Task directions » Only one part of the listing is needed: the lines from the one with "Normal pattern #32673" through the last line, copied exactly and free of pictures.

[Start of section]

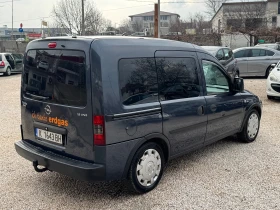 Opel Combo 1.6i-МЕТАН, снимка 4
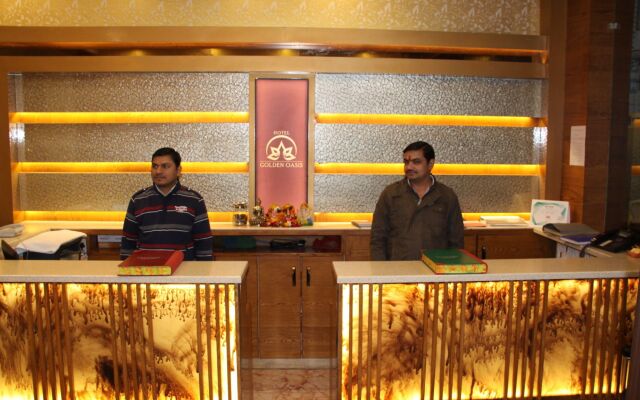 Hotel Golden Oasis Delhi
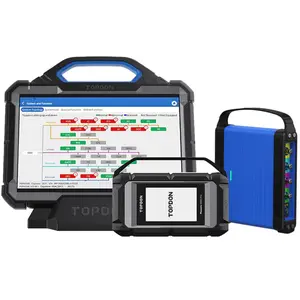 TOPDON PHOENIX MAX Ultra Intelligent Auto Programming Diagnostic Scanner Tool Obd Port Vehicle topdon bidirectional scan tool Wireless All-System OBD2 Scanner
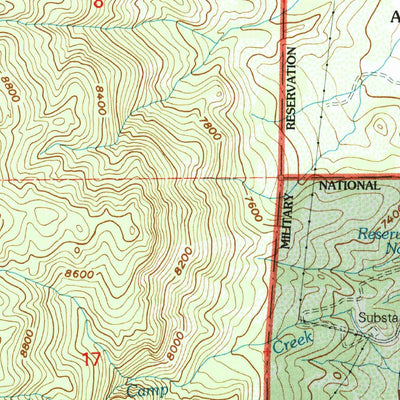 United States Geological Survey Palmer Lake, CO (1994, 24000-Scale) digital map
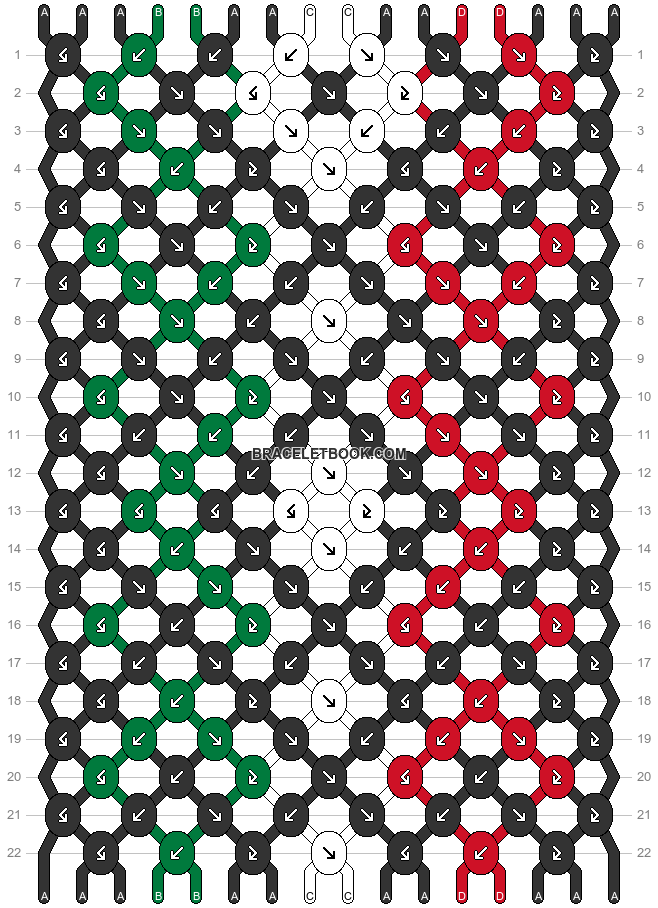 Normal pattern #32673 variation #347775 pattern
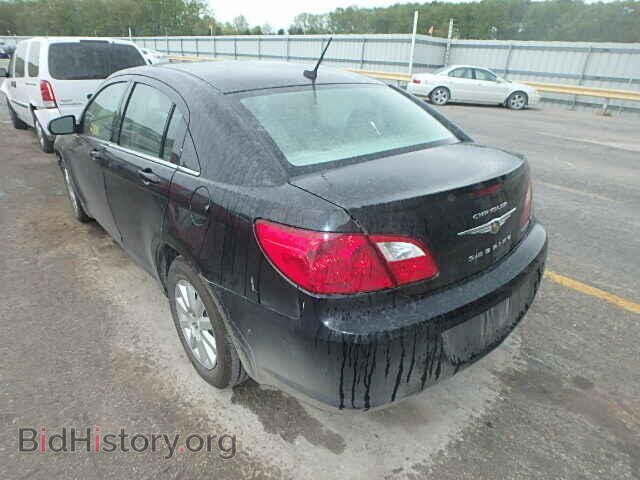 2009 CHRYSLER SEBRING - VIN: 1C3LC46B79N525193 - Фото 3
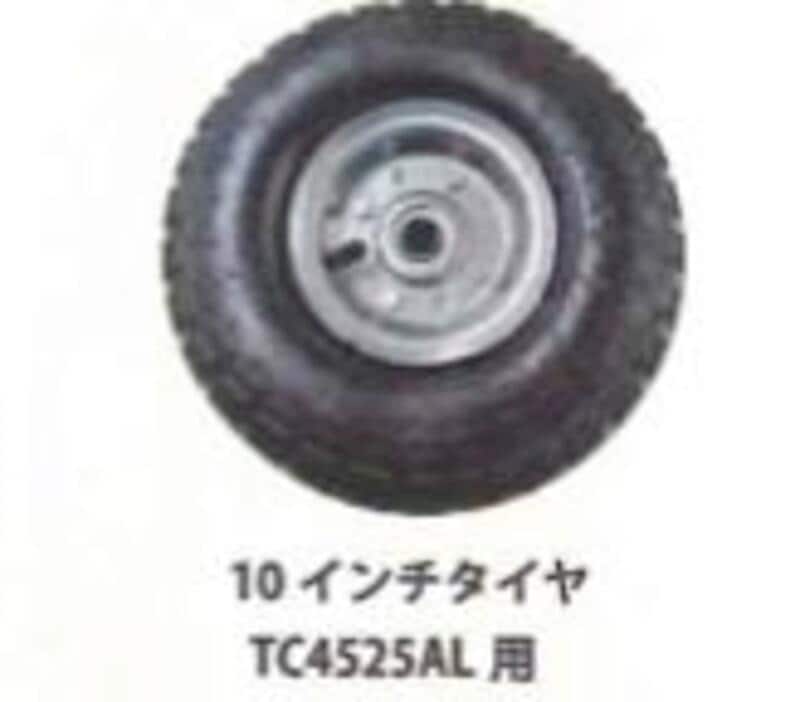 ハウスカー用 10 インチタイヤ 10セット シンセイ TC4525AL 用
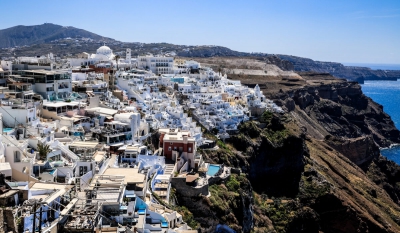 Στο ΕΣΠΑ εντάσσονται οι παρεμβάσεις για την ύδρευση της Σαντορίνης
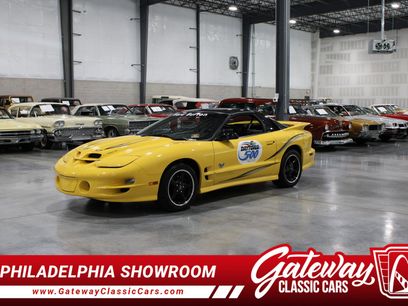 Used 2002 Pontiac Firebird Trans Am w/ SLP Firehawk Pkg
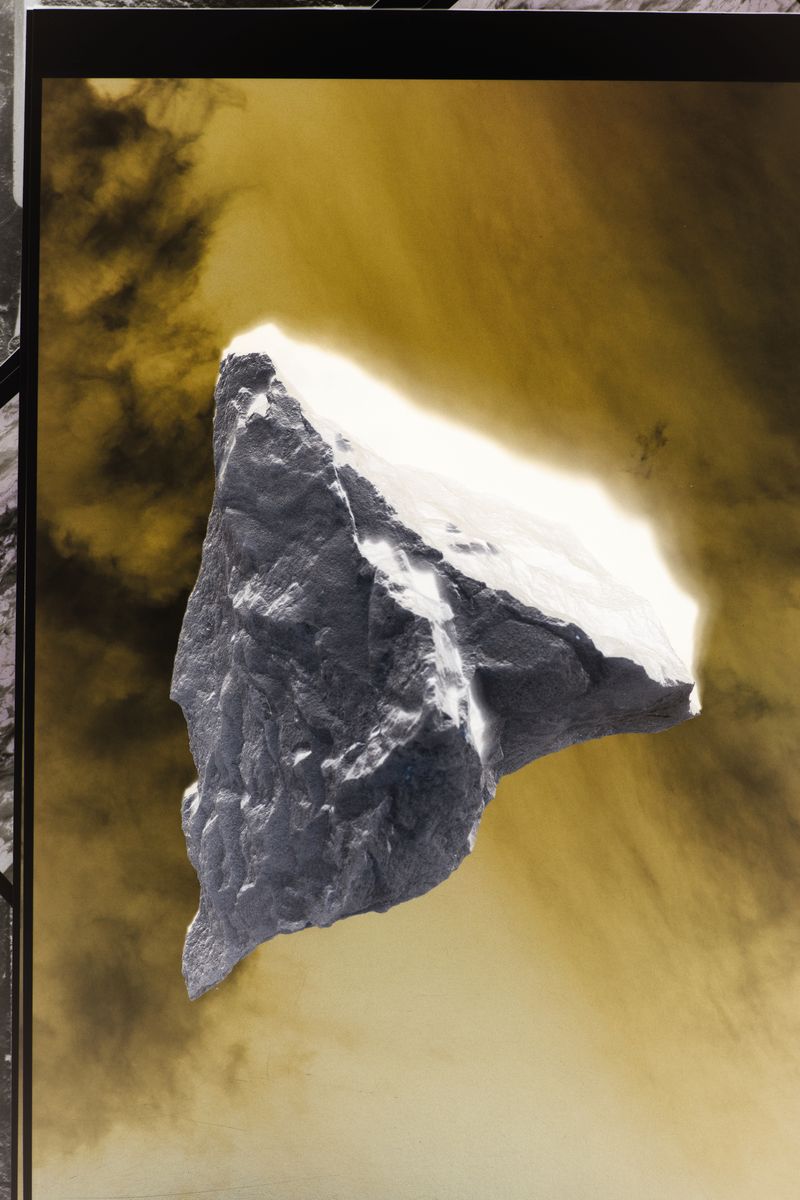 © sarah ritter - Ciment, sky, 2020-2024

[End of section]

Your response »
 Normal pattern #32673 variation #347775 pattern
 2009 CHRYSLER SEBRING - VIN: 1C3LC46B79N525193 - Фото 3
 ハウスカー用 10 インチタイヤ 10セット シンセイ TC4525AL 用
 Στο ΕΣΠΑ εντάσσονται οι παρεμβάσεις για την ύδρευση της Σαντορίνης
 Used 2002 Pontiac Firebird Trans Am w/ SLP Firehawk Pkg
 © sarah ritter - Ciment, sky, 2020-2024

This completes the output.